Katholische Eheberatung: „Wir nehmen Beziehungen ernst“
Richard Jost, Leiter der katholischen Familienberatung, über Rat und Hilfe gestern und heute.
Herr Jost, wie fromm muss ich sein, um zu Ihnen kommen zu dürfen?
Richard Jost (lacht): Sie brauchen überhaupt nicht fromm zu sein: Wir beraten unabhängig von Glaube, Konfession, Geschlecht oder Herkunft.
Das war vor 60 Jahren doch sicher anders, oder?
Jost: Auch damals wurde schon konfessionsübergreifend beraten. Aber zu Beginn waren 80 Prozent der Ratsuchenden Katholiken. Heute beraten wir viel mehr Paare als früher - aber mehr als 60 Prozent von ihnen haben eine andere Konfessionszugehörigkeit oder gehören keiner Glaubensgemeinschaft an.

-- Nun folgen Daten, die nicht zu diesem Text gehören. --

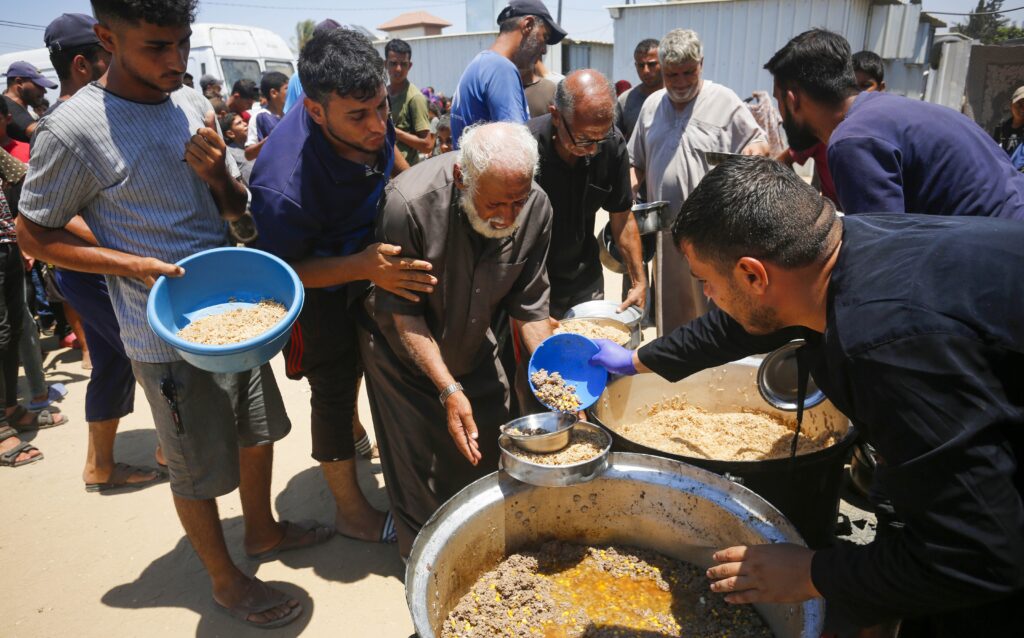 people standing around vat of food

Wie finden die Ratsuchenden zu Ihnen?
Jost: Viele kommen auf persönliche Empfehlung, werden von anderen Fachleuten an uns verwiesen oder finden uns über das Internet. Seit einigen Jahren beraten wir übrigens auch online.
1953 war es vermutlich noch nicht selbstverständlich, als Ehepaar externen Rat zu suchen?
Jost: Die Wuppertaler Einrichtung gehörte zu den ersten Beratungsstellen im Erzbistum Köln. Hier hat sich 1953 der Katholische Deutsche Frauenbund für die Gründung der Eheberatung eingesetzt. Das waren engagierte Frauen, die die Not der Zeit gesehen und gehandelt haben. Die erste Beraterin in Wuppertal war Dr. Helma Boxberg, eine Juristin und Jugendfürsorgerin.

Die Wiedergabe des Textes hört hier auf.